⟨

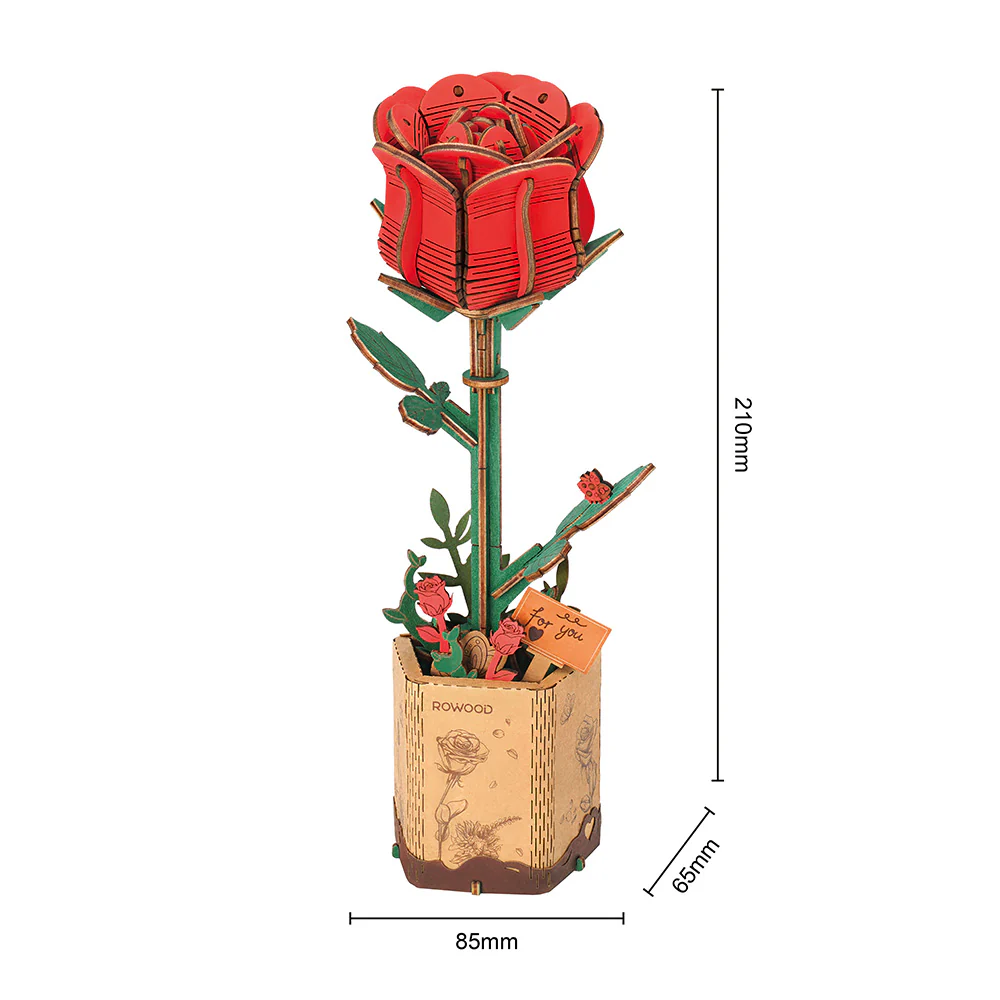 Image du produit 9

⟩
⟨

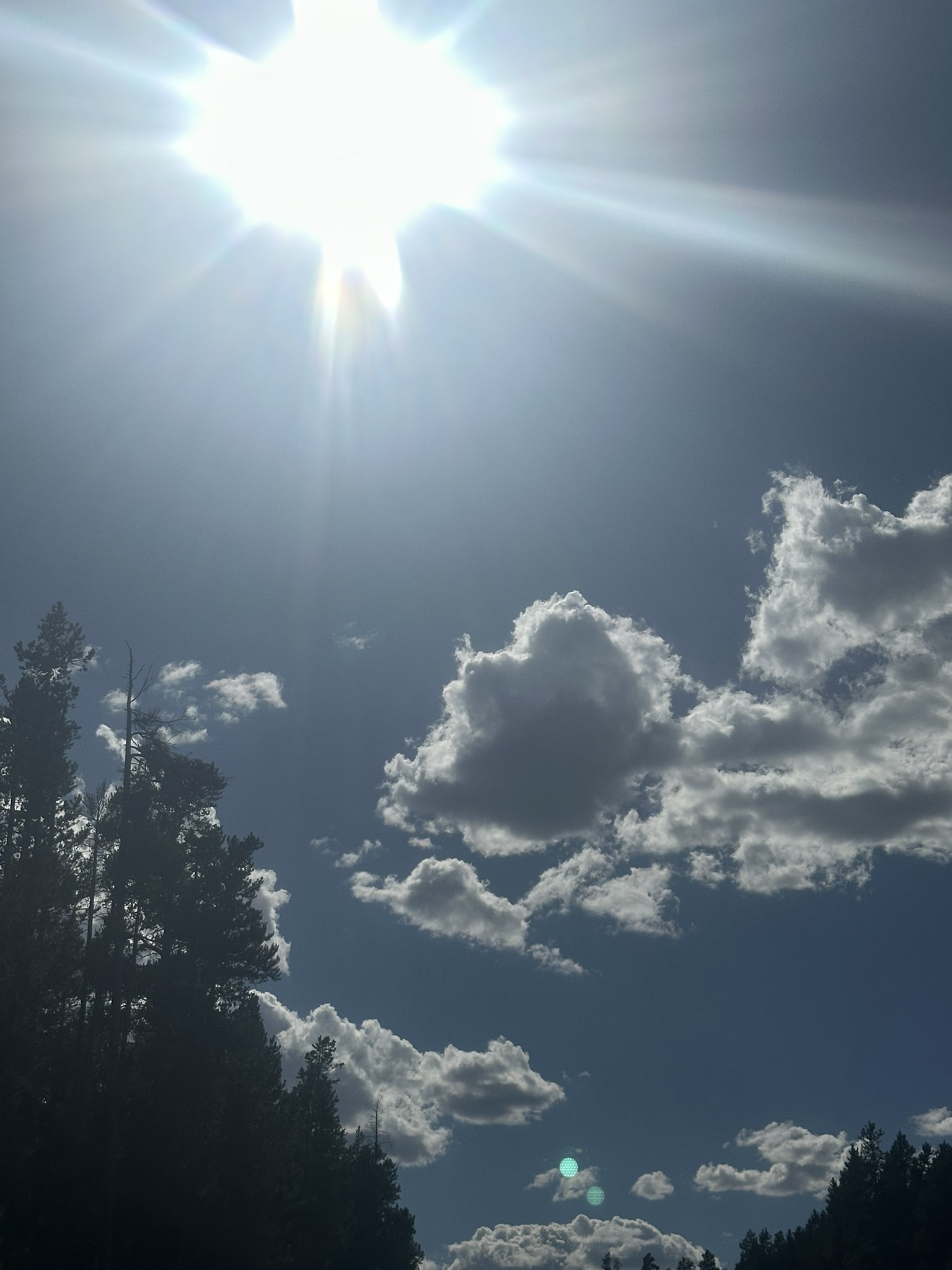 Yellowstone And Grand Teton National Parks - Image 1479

⟩
⟨

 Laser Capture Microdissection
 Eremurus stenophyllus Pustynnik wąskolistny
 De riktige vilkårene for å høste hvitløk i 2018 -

⟩

Exercise: The expected answer is an exact copy of the lines above, beginning at the line with "Eremurus stenophyllus Pustynnik wąskolistny" and ending at the line with "De riktige vilkårene", with both ends in.

Response below:
 Eremurus stenophyllus Pustynnik wąskolistny
 De riktige vilkårene for å høste hvitløk i 2018 -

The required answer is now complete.